§ What the task requires
Given the listing below, reproduce all of it exactly.

§ Data section
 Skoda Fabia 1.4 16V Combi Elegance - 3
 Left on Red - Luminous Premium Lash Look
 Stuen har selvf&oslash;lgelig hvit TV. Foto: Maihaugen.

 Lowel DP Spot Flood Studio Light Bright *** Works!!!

§ Your solution
 Skoda Fabia 1.4 16V Combi Elegance - 3
 Left on Red - Luminous Premium Lash Look
 Stuen har selvf&oslash;lgelig hvit TV. Foto: Maihaugen.

 Lowel DP Spot Flood Studio Light Bright *** Works!!!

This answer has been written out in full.